Currently, there is an important dispute over the exploitation of DVD and other media delivery platforms. The Writers Guild of America, West (WGA) have staged a strike demanding that Hollywood producers adequately remunerate writers for DVD residuals for material broadcast over the internet, mobile phones and other devices.[10] SAG, being the US equivalent of Australia's Media Entertainment and Arts Alliance (MEAA), will be renegotiating their contract with producers in June 2007 and is rumored to be focused on the same issue. It is expected that this will become an international issue.

In addition to new media platforms, technology is potentially creating new categories of copyright. Digital characters are a burgeoning trend in film production. Several movies, including Final Fantasy: The Spirits Within (2001), The Polar Express (2004) and Beowulf (2007) have substituted real actors for computerised ones. This has been achieved with 'motion capture' or 'mocap' technology, where actors' movements are digitised and applied to computer-generated characters.

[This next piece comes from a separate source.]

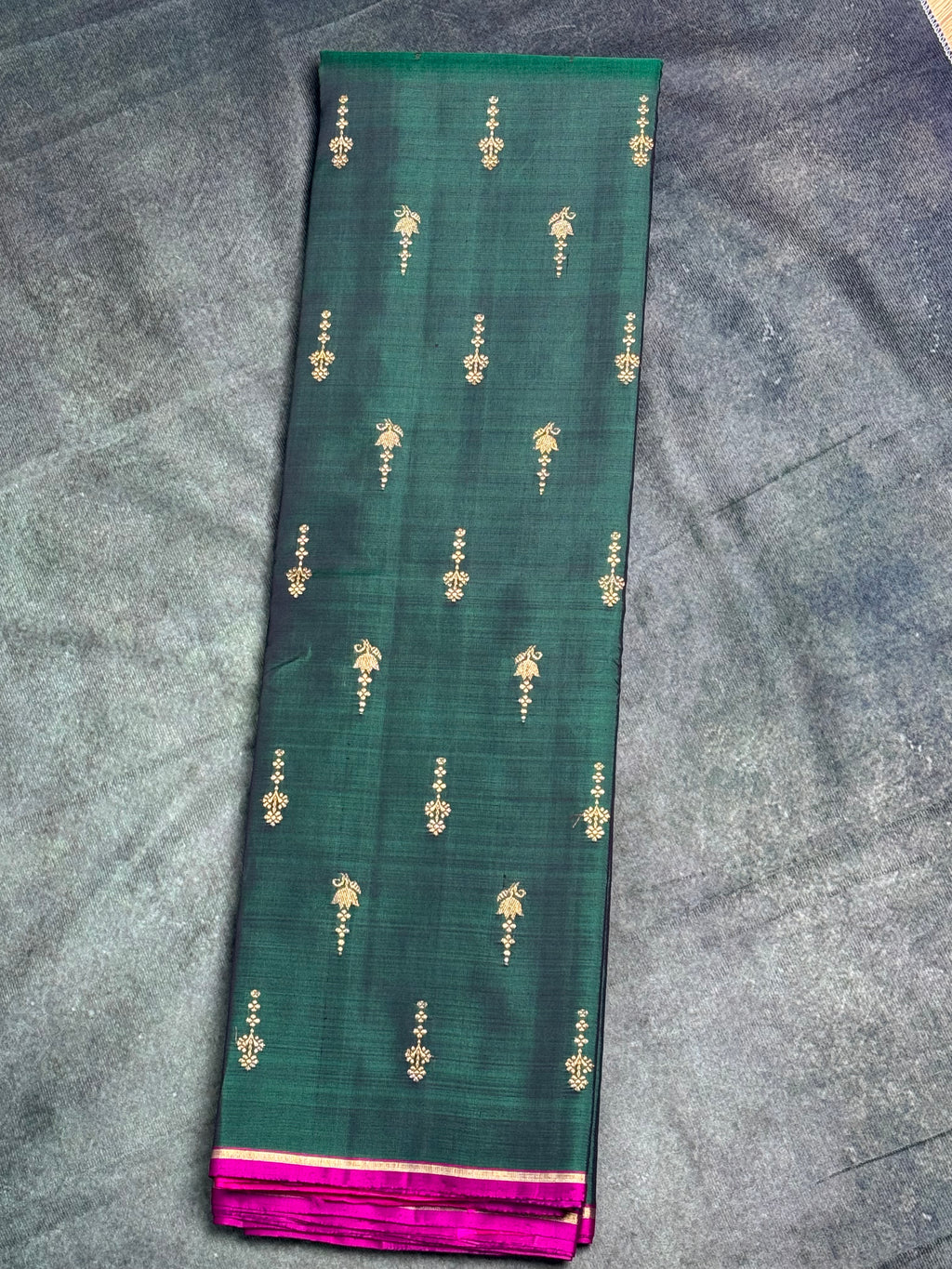 Emerald green borderless Kanchipuram silk saree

A growing number of other films have used graphic technology to create crowd scenes where once hundreds of extras would have been hired.

Virtual Celebrity Productions, based in Los Angeles, employ reconstructive 3D modeling based on the life-casts of once great stars like Jimmy Cagney, Vincent Price and Marlene Dietrich.[11] Combining the movements of a live actor, a voice over artist mimicking the style and delivery of the deceased actor and the original performance, the creator is able to achieve a lifelike but virtual performance. With the advancement of technology like this, we could potentially see films with Tom Cruise starring alongside James Dean. The current law protecting audiovisual performers does not make provisions for actor's 'motion rights', that is, it does not protect the rights of the actor providing the movement. It is evident that new language will have to be introduced to existing law if the law is to contend with such developments in technology.

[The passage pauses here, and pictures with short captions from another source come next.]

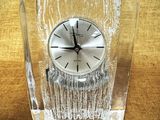 une horloge en verre posée sur une table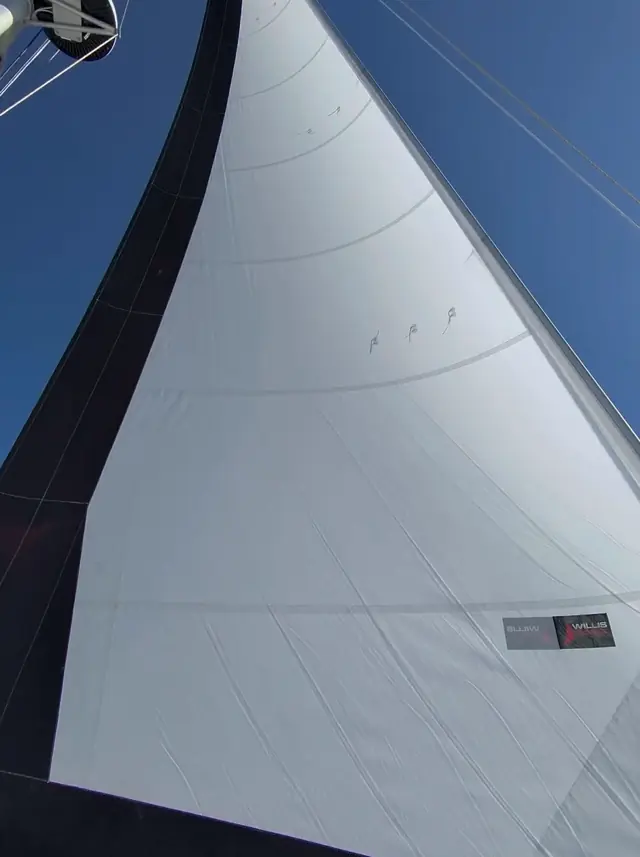 Mā Tori's mainsail full and drawing against a clear blue sky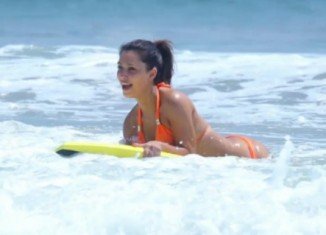 Kim Kardashian sporting a halterneck orange bikini as she hit Mexico beach with sister Kourtney and nephew Mason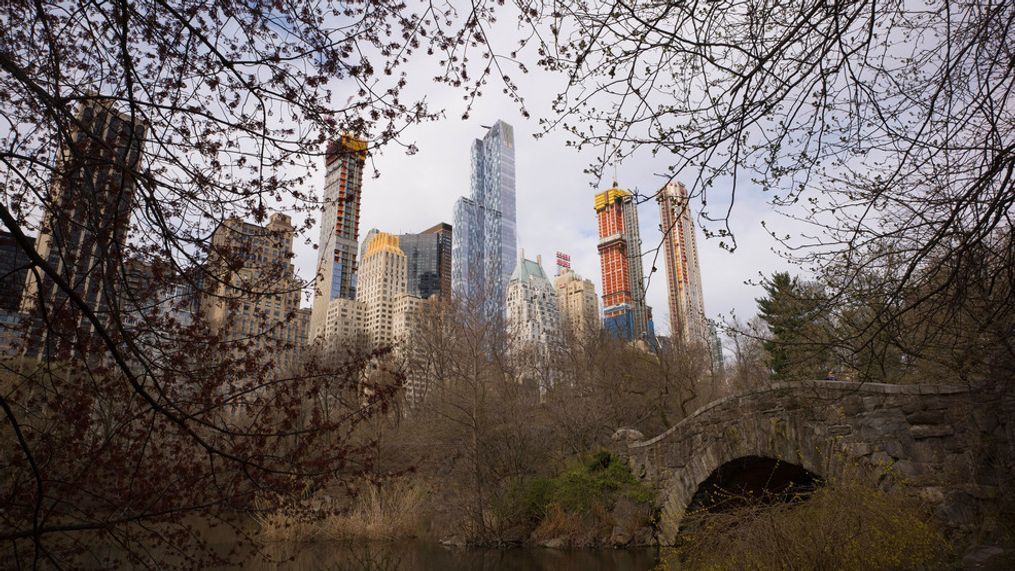 FILE - Skyscrapers overlook Central Park and Gapstow Bridge, April 17, 2018, in New York. (AP Photo/Mark Lennihan, File)
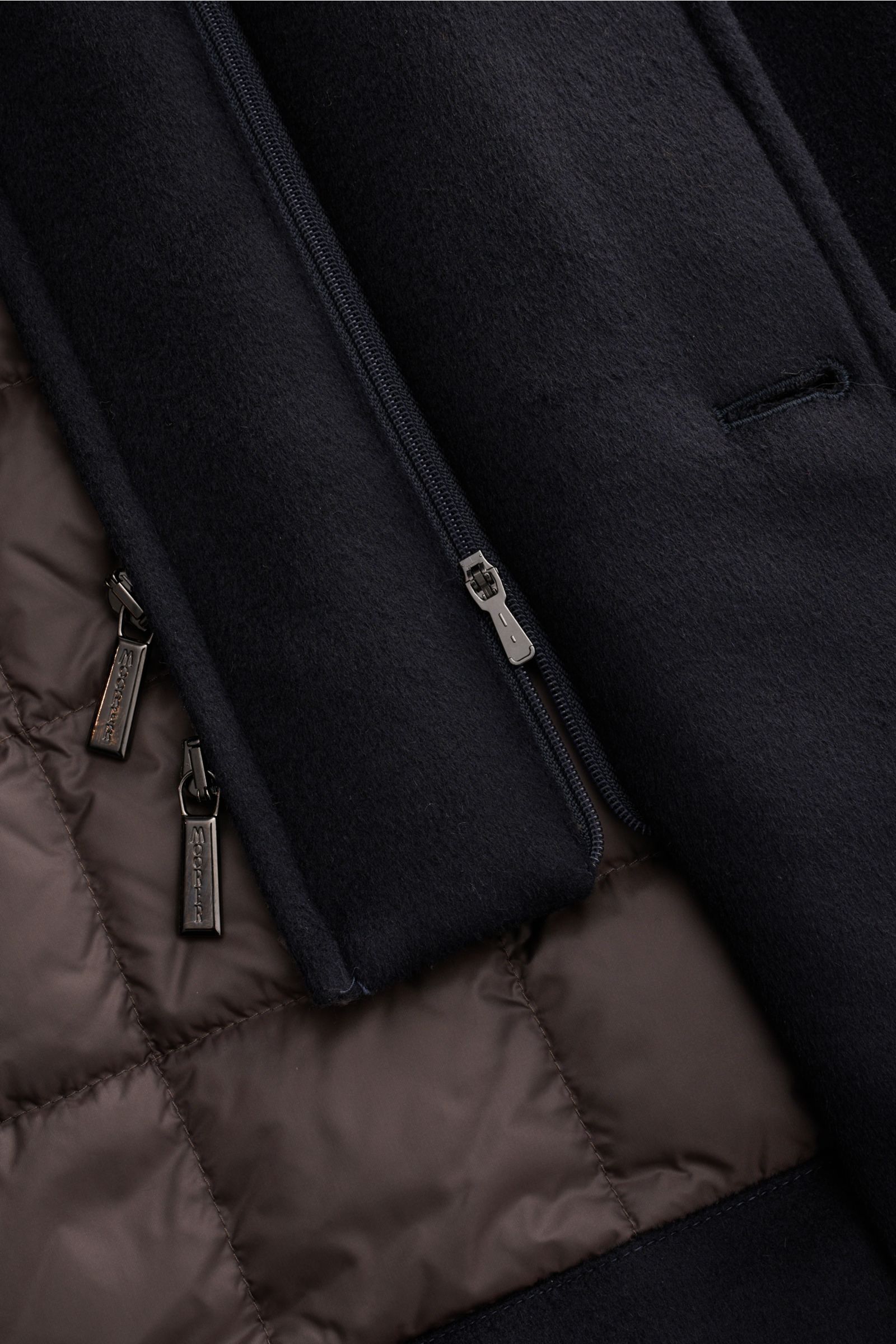 Close-up front view of the Moorer Cashmere Daunenjacke 'Mendel' navy, showing soft pure cashmere exterior, warm quilted brown down-filled lining, dual zippers with branded pulls, and detailed stitching. Understated luxury with removable double-front, slim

Once an audiovisual performer has granted permission to record a performance, his or her rights are severely limited. As discussed, digital technology allows the performance to be manipulated in a number of ways. In Australia, film makers such as Michela Ledwidge are producing films that can be "ripped apart, sampled and reused", believing that there is a demand for reusable content.[12] Ledwidge relies on the strength of a creative commons licence to control the manipulation or derogatory treatment of the work. However, MEAA the peak organisation primarily responsible for negotiating additional rights and payment scales for performers is concerned. Simon Whipp the National Director of MEAA believes that "if the performer's performance is able to be mixed or altered in a way which may be derogatory or detrimental to the performer's reputation, there will be no restrictions on the ability of others to take excerpts of the film or, indeed, take the film as a whole and adapt and alter the performer's performance."[13] A film that is being structured to be pulled apart encourages subsequent users to adapt and alter the actor's performance for purposes for which the actor will probably be unaware. One of the main issues for performers in the digital age is protecting secondary use and knowing in advance the value of rights being assigned to producers. In Australia, the audiovisual performer remains without a right of action against infringers who are not party to a contract or agreement with the performer.

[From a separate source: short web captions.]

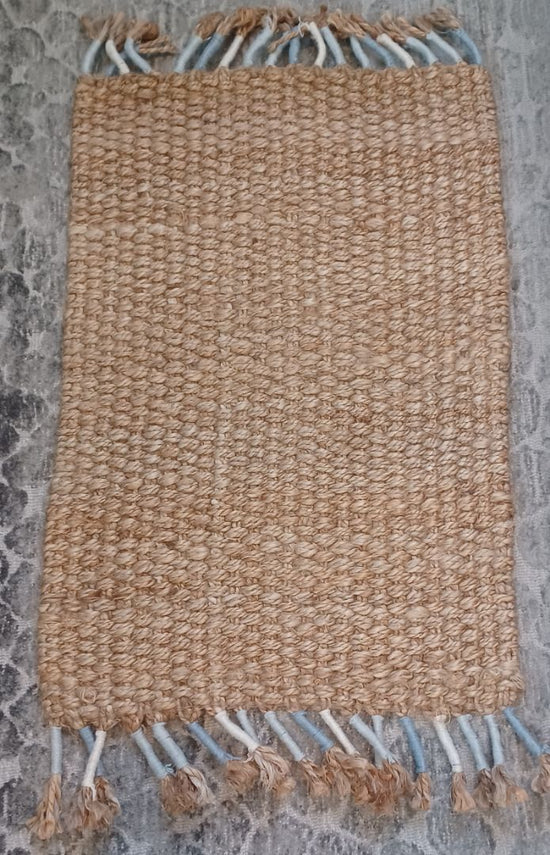 *Fringed Jute Mat by Serena & Lily. Staging Item.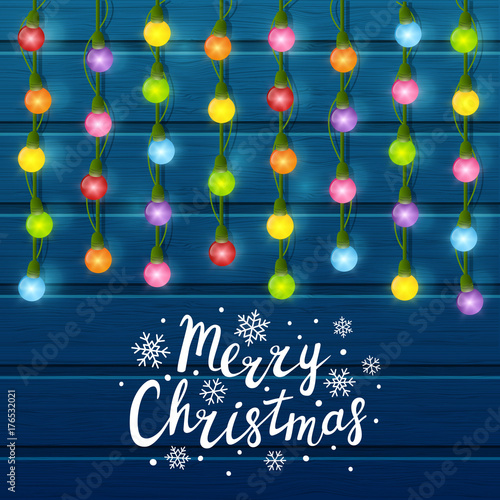 Christmas light bulbs on wooden background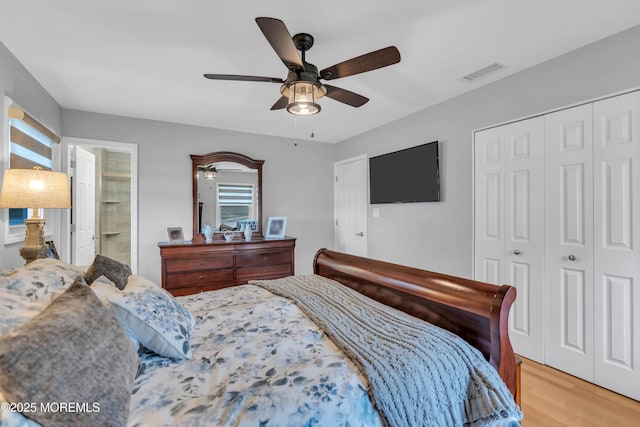 bedroom with ceiling fan, connected bathroom, visible vents, a closet, and light wood-type flooring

Contracts and industry agreements

In reality, legal provisions are often out of step with technological developments and also generally overridden by contracts, awards and industry agreements. As a result, audiovisual performers will increasingly have to rely on the industrial strength of the unions and lobby groups to protect both their economic rights and the right to control third party use of a performance.

The problems associated with performers having adequate rights are universal. The International Federation of Actors (FIA) and the International Federation of Musicians (FIM) have both highlighted the issues raised by performance rights in new electronic media. The FIA claims that "the balance of power in the bargaining relationship between the performer and producer means that rights can be easily transferred to the producer, and in most film contracts the actor is required to assign to the producer all rights in all media in perpetuity."[14] Despite the inequalities, some progress is being made. Equity UK recently reported that it has a new deal with the BBC to receive a percentage of revenue from Google and YouTube deals, SAG is filing claims against producers for reuse of traditional theatrical clips in new media, asking for three times the performer's rates in compensation[15] and ACTRA in Canada has recently negotiated a provision for new media residuals in their agreement with producers.


Performers and collective bargaining groups have to be one step ahead of technological developments to adequately protect audiovisual performers' economic rights and third party use. International conventions, multilateral agreements and domestic law should be compelled to provide audiovisual performers with greater confidence and power to exploit their creations. The power of audiovisual performers to negotiate substantive rights would improve dramatically should copyright law be amended to mirror the co-ownership that aural performers have already been granted.


[1] Copyright Act1905 (Cth).

[2] Jacob Varghese Guide to copyright and patent law changes in the US Free Trade Agreement Implementation Bill 2004 Information and Research Services, Parliamentary Library Department of Parliamentary Services, Canberra 2004 at page 10.

[3] Adler B, “The Proposed New WIPO Treaty for Increased Protection for Audiovisual Performers: Its Provisions and Its Domestic and International Implications” (2002) Vol 12 Fordham Intellectual Property, Media & Entertainment Law Journal. 1089-1118 at 1094.

[4] Ibid.

[5] Ibid at 1114.

[6] Copyright Amendment Act1989 (Cth) enacting new Part XIA.

[7] U.S. Free Trade Agreement ImplementationAct 2004 (Cth) and Copyright Legislation Amendment Act 2004 (Cth).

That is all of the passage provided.